Per-intent ANN search and event-driven scoring. Cron-mode intents run an APScheduler tick that queries Qdrant for new articles in a recency window; event-mode intents are scored in-process against every embedding batch as it lands. Both paths emit a Match list to app.state.on_match, which the notifier replaces at startup.

Responsibility

  • Run one APScheduler job per enabled cron-mode intent on its configured trigger (hourly / daily / weekly), each tick filtering Qdrant news_current by ingested_at_ts recency window and the intent's feed_filter
  • Maintain an in-process cache of event-mode intent vectors and score every freshly embedded article batch against them in pure Python (cosine via dot product)
  • Buffer event-mode hits per intent in event_pending, merging similar titles into groups, and flush either on trigger_count reached or on max_wait_seconds elapsed (sweeper job)
  • Track which (intent_id, article_id) pairs have already fired through match_seen so cron-mode notifications don't repeat across ticks (event-mode does not write match_seen)
  • Provide a manual fire path that reuses the cron scan logic but bypasses match_seen so an operator can see what an intent would match right now
  • Surface a stable on_match injection seam so notifier wiring happens at lifespan startup, not at module import time

Not in scope

  • Article ingestion (lives in collector)
  • Embedding (lives in embedder)
  • Collection bootstrap and alias management (lives in vector_store)
  • Summary text generation and channel delivery (lives in summarizer and notifier) — matcher only produces a list of Match objects
  • Cross-process coordination — the event cache, sweeper, and fire-task store are single-process

Public interface

Match callback (callback.py)

@dataclass
class Match:
    intent_id: int
    article_id: str       # UUID string matching Qdrant point id
    score: float
    payload: dict         # title / url / body / feed_id / published_at

OnMatchCallback = Callable[[list[Match]], Awaitable[None]]

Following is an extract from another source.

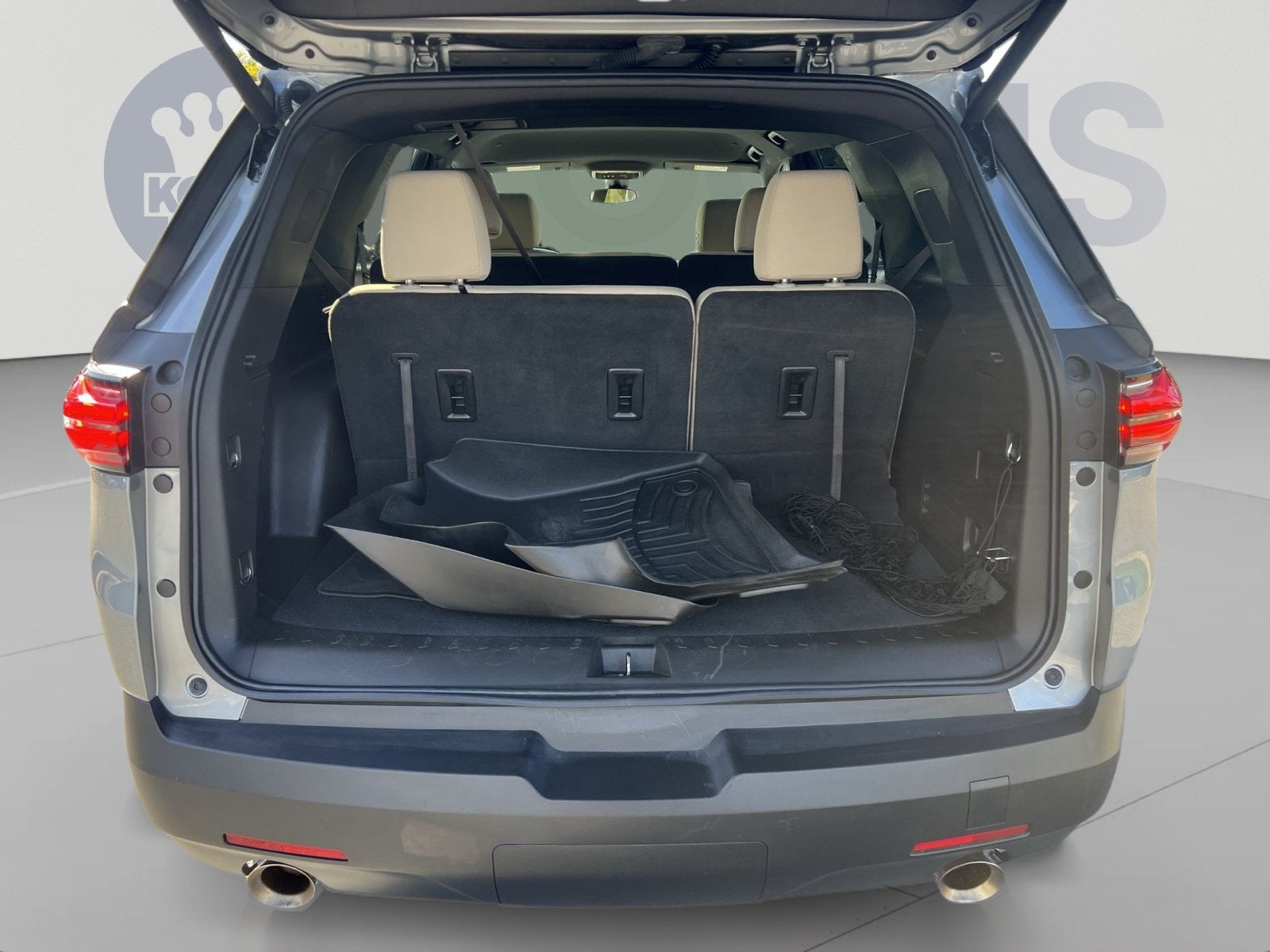 2024 Chevrolet Traverse Limited LT Cloth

async def log_matches(matches: list[Match]) -> None

Match.payload carries the article payload as Qdrant returned it; downstream consumers should not assume more fields than title, url, body, feed_id, published_at. log_matches is the placeholder default — a real notifier replaces app.state.on_match during lifespan startup.

Cron scan (scan.py)

@dataclass
class ScanOptions:
    lookback_seconds: int
    threshold: float
    skip_seen: bool        # filter already-seen ids before returning
    feed_ids: list[int] | None  # None = all feeds, [] = nothing
    write_match_seen: bool  # cron path = True, fire path = False

async def scan_once(intent, options, conn, qdrant_client) -> list[Match]
async def run_intent_scan(intent_id: int, app: FastAPI) -> None

scan_once is the shared core for scheduled ticks and manual fires. run_intent_scan is what APScheduler invokes — it loads the Intent from SQLite, short-circuits if the intent has been disabled or deleted between job registration and tick, runs scan_once with write_match_seen=True, and forwards the result to app.state.on_match.

A failed on_match is logged but never re-raised: match_seen has already been written, so the tick is "done" from the matcher's perspective even if the downstream pipeline blew up.

Job lifecycle (jobs.py)

def register_intent_job(scheduler, intent, app, *, fire_immediately=False) -> None
def unregister_intent_job(scheduler, intent_id) -> None
def reregister_intent_job(scheduler, intent, app) -> None    # alias for register
async def register_all_enabled(scheduler, intents, app, qdrant_client) -> None

Job id is matcher-intent-{intent_id}; replace_existing=True makes re-registration idempotent. Triggers are built with coalesce=True, max_instances=1, and misfire_grace_time=None so a delayed wakeup never silently skips a fire. The trigger's tzinfo is passed as a string (not a ZoneInfo object) — APScheduler 3.11 sorts due jobs by datetime and a tz-mismatch silently prevents firing.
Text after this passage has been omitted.